EXERCISE
Transcribe exactly the lines below that begin at the line with "To access more" and stop after the line with "Hey everybody, Spencer", leaving out every picture.

DATASET ENTRIES
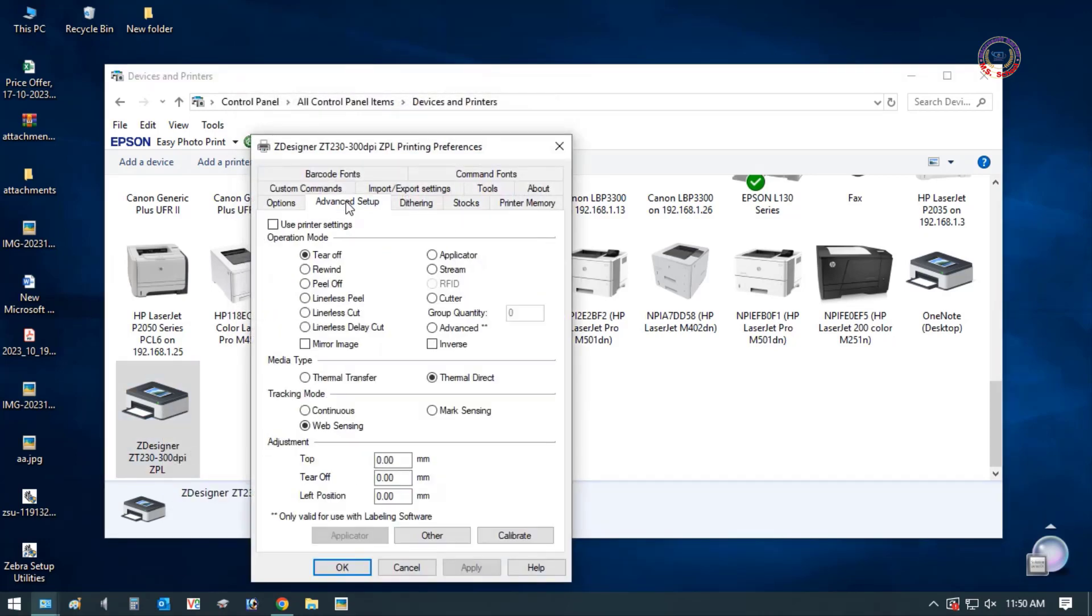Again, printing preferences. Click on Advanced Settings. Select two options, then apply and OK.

==

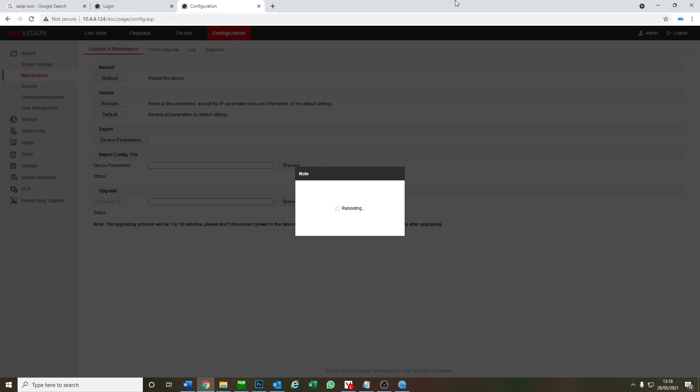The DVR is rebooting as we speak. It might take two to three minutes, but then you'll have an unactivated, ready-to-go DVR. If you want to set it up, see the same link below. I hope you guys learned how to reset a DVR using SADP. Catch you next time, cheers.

==

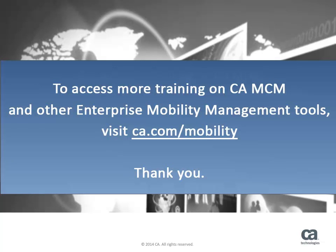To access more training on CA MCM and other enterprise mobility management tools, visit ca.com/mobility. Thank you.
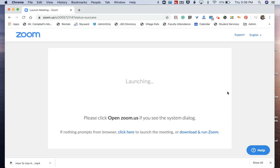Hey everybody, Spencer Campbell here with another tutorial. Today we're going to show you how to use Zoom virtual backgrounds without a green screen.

RESPONSE TO THE EXERCISE
To access more training on CA MCM and other enterprise mobility management tools, visit ca.com/mobility. Thank you.
Hey everybody, Spencer Campbell here with another tutorial. Today we're going to show you how to use Zoom virtual backgrounds without a green screen.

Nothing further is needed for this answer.